US-backed rebels set Manbij deadline for ISIL

US-backed rebels set Manbij deadline for ISIL

BEIRUT
US-backed rebels set Manbij deadline for ISIL

REUTERS photo

U.S.-backed fighters on July 21 gave the Islamic State of Iraq and the Levant (ISIL) 48 hours to leave the battleground Syrian town of Manbij, after U.S.-led air strikes nearby reportedly killed dozens of civilians.

The raids on July 19 by the coalition fighting ISIL in Syria and Iraq provoked an intense backlash and local protests.

Syria’s opposition National Coalition urged the U.S.-led coalition to suspend its strikes, and international rights groups demanded a thorough investigation.

The Kurdish-Arab Syrian Democratic Forces (SDF) alliance that issued the ultimatum said it was intended to “protect civilian lives” in Manbij, a jihadist bastion in Aleppo province close to the border with Turkey. 

The alliance has been fighting to oust ISIL from the town since late May, backed by heavy coalition air strikes.

“This initiative is the last remaining chance for besieged members of Daesh [ISIL] to leave the town,” said the Manbij Military Council, part of the SDF, according to AFP.

“In order to protect civilian lives and property and to protect the town from destruction we announce that we accept the initiative under which besieged ISIL members would leave with their individual light weapons,” the statement added.

The initiative was first floated last week by tribal leaders in Manbij, an SDF commander told AFP.

“But we took this decision now after ISIL used residents as human shields, after the media pressure on us and to protect whatever civilians are left in the town,” the commander said on condition of anonymity.

The statement also urged civilians to try to leave Manbij or distance themselves from areas where clashes were taking place.

It follows an intense backlash over the reported deaths on July 19 of at least 56 civilians, including children, in U.S.-led air strikes while fleeing the ISIL-held village of Al-Tukhar near Manbij.

U.S. Defense Secretary Ashton Carter on July 20 pledged openness on allied accountability a day after dozens of civilians were killed in raids near an ISIL-held town in Syria.

“We will conduct an investigation on any possible civilian casualties in this matter, as we always do, and we’ll be transparent about that,” Carter said during a briefing at an air base outside Washington.

General Joe Votel, head of Centcom, said allies would “continue to do all we can to protect civilians from harm,” at the same news conference.

The Pentagon has acknowledged 41 civilian deaths in its strikes in both Syria and Iraq since 2014, but the Syrian Observatory for Human Rights has reported more than 450 civilian killed in U.S.-led raids in Syria alone.

French President Francois Hollande said on July 21 that he had no precise information on whether French planes were responsible for the air strike in Manbij.
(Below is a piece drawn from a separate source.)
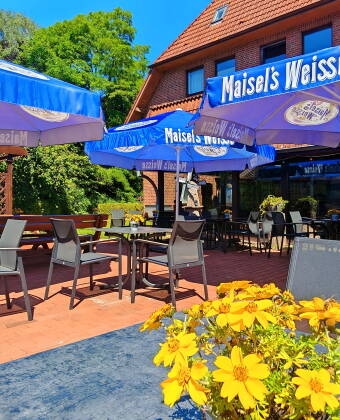 Entspannen Sie sich auf der Terrasse oder im überdachten Biergarten und genießen Sie ein kühles Getränk in angenehmer und ruhiger Atmosphäre.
The Syrian Foreign Ministry however said the attack was carried out by French forces. 

“On the actions of the coalition, I have no exact information on what French planes could have done,” Hollande said. 

“We are striking in the framework of the coalition and are very careful in our strikes,” he told reporters. 

The French Foreign Ministry said in a daily briefing that it “gave no credit to statements made by the regime of [Syrian President] Bashar al-Assad” and that an investigation by the coalition would establish if coalition air strikes against ISIL had killed civilians.

The raids drew international condemnation including from the U.N.’s children agency, UNICEF.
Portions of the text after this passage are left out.